Trump: You and I will walk in.
[Person speaking indistinctly] What?
♪ Singer: ♪ Hey!
♪ Cheng: The catalyst was Donald Trump's election.
I think everybody woke up with this collective consciousness of, like, we needed to do something.
I'm a never-Trump guy.
I never liked him.
Singer: ♪ Hey!
♪ McClellan: That was a wake-up call.
The gains of all women were threatened, and the ability of those who hadn't really achieved equity were pushed even farther behind.
I ran for the Senate.
I announced 4 days after the election.
State senators and state assembly members led by Black women, queer women, thought to themselves, "We're 3 states away.
We can add to that list and become the last 3 states."
This bill is about equality, period.
Black women, they had the vision, and I think Black women have always had the vision, understanding that you have to change the Constitution, you have to write in foundational protections in the founding document.
Otherwise, it's just really hard to build on a foundation of equality.
Black women specifically, and women of color in general, have been part of this fight from the beginning, but we haven't always been out front.
With 8 states of support, no women seeing the end of the line.
Cheng: Those ideas that we can just go ahead and affirm the ERA were seated in places like Nevada and in Illinois.
In Nevada, which happened in 2017, it's due to the vision of State Senator Pat Spearman, who singlehandedly ratified the ERA in that state.
Don't listen to anybody that tells you "We can't do it," because together, we will get this done.
Cheng: Illinois happened, and, you know, that's the state of Phyllis Schafly.
I stand upon the shoulders of women like Sojourner Truth and Ida B. Wells, Fannie Lou Hamer, and so many others.
Developing right now, history on the Illinois House floor.
Illinois is now the 37th state to ratify the amendment.
The country still needs one more state to ratify it.
We are just one state away.
So, in a lot of ways, Virginia was on the wrong side of history.
We were capital of the Confederacy.
We came kicking and screaming into the modern Civil Rights era.
You know, Virginia had one of the 5 cases in "Brown vs.
Board of Education."
We were the state that had the case that struck down bans on gay marriage.
By becoming the last state needed to ratify the ERA, we can be a leader rather than being dragged into doing what is right.

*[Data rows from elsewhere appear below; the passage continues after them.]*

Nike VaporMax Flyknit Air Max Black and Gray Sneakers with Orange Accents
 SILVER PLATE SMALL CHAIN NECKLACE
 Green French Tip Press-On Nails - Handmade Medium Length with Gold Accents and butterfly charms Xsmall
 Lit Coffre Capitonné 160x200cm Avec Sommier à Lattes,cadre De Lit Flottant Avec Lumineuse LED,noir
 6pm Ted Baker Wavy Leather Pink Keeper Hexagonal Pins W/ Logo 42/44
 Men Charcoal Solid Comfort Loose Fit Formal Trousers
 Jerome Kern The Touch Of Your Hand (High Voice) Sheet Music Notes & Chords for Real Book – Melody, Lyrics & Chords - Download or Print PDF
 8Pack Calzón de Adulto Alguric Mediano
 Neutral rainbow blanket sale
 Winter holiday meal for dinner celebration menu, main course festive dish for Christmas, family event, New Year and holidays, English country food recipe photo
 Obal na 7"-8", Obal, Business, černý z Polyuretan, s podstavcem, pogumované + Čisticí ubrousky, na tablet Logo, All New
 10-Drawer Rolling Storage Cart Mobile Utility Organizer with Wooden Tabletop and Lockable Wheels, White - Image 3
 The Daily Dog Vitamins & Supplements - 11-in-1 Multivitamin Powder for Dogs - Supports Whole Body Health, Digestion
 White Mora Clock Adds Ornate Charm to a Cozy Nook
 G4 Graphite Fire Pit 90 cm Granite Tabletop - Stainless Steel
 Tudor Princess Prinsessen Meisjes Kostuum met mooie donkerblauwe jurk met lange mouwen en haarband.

Virginia, it really could be you, plus you are the birthplace of Chris Brown, Rick Santorum, and Pat Robertson, so, frankly, you [bleep] owe America this.
♪ Man: Speak on anything in section 9 of our agenda.
That is our proclamations, our recommendations, or the ERA resolution.
Now is the time for you to speak.
Man: Thank you.
[Applause] ♪ Hi.
My name is Eastan Weber.
I live in Powhatan, and I-- [Crying] Oh, I can't do this Mom.
Woman: It's OK.
You can do it.
I'm sorry, I-- You want me to do it?
It's OK.
It's OK.
[Crying] I'm sorry.
I'm sorry for your time.
She wrote this, so we're going to read it.
"She has been very lucky to have parents and teachers "who have always believed in her.
"They encourage her to get good grades in school, "play hard in soccer and basketball, "and more importantly to always use good manners.
"What none of this has prepared her for is that "when she leaves her parents' home, "things will not be fully equal for her.
"She knows that she will make 78 cents on the dollar, "that her friends of color will get paid 63 cents, "and one of her Latina friends will make 54 cents on the dollar.
"I will give equal effort but not have equal protection "under the Constitution.
"The ERA has been around way too long and it needs to be ratified.
"Please consider supporting my full and equal future by passing this resolution."
Thank you.
[Applause] This ERA amendment is not about equality.
It is about the sameness of men and women.
This is contrary to the laws of nature and to the health and safety of women.
Future legal decisions will lead to monstrous, unintended consequences.
I will not vote to harm women, neither should any of you.
Woman: More women than ever before were sworn into the Virginia General Assembly.
They're vowing to reverse 46 years of failing to support the Equal Rights Amendment.
If we can get it to the floor, we would have the votes on both sides of the aisle.
But getting it to the floor is the difficult part.
The committee chairman refused to allow even a hearing on the ERA.
Man: When we were in the rules committee, we presented the bill.
I was given about 2 minutes to present it.
Based on the research that we've done, there's an archivist, a federal archivist with the United States, David Fiero.
He has classified it as a failed amendment.
Couple things.
Number one is, the state of Nevada ratified the Equal Rights Amendment last year.
Man: Do we live in Nevada?
Man: No.
Not that I checked, but I just--I don't think the U.S.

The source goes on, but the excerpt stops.